Pendant ce temps, les compagnies d’électricité subissent des pressions pour libérer l’eau de leurs réservoirs hydroélectriques déjà à un niveau record pour soulager la douleur des agriculteurs et des autres consommateurs, aggravant une crise énergétique émergente.

Edison SpA a déclaré qu’elle libérerait l’eau de ses barrages pendant 10 jours. A2a SpA a également libéré de l’eau de ses réservoirs dans les Alpes lombardes, qu’elle avait prévu d’utiliser pour la production d’électricité plus tard dans l’année.

La pression sur la production d’électricité locale survient alors que la Russie coupe l’approvisionnement en gaz de l’Europe. Eni SpA a déclaré vendredi qu’elle n’avait reçu que la moitié du gaz demandé à Gazprom PJSC, le troisième jour consécutif sa demande n’a pas été satisfaite.

La pénurie d’eau de plus en plus aiguë menace également de nuire au tourisme, car des centaines de villes du nord de l’Italie rationnent l’eau pour des usages non essentiels. Le maire de la ville thermale de Sant’Omobono Terme en Lombardie a déclaré à la Repubblica qu’il s’inquiétait des arrivées de touristes si le rationnement de l’eau persistait.

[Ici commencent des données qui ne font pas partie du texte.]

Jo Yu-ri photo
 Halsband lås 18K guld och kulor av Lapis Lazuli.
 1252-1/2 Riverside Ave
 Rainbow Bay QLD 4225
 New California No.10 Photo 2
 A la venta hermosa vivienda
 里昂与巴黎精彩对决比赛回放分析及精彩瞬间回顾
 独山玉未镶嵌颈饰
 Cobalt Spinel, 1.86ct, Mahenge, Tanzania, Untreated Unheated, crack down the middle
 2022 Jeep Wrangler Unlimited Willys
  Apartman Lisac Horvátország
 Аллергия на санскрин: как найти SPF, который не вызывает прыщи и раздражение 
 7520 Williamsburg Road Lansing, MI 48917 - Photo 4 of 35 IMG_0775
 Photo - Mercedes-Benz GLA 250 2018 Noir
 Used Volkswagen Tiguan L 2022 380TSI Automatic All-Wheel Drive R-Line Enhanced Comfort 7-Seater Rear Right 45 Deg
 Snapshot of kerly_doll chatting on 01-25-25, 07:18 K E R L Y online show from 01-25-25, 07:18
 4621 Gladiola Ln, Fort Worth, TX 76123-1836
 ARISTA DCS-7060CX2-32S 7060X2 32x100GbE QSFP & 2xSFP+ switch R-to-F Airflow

Certains maires du Piémont ont suspendu l’approvisionnement en eau la nuit et des camions-citernes ont été envoyés pour alimenter les réservoirs locaux. Le rationnement de l’eau pourrait se poursuivre tout l’été, a déclaré le président piémontais Cirio.

« L’autre urgence est l’eau à usage civil car les eaux souterraines s’assèchent et l’eau potable de nombreuses villes est menacée », a-t-il déclaré.

–Avec l’aide de Flavia Rotondi et Alberto Brambilla.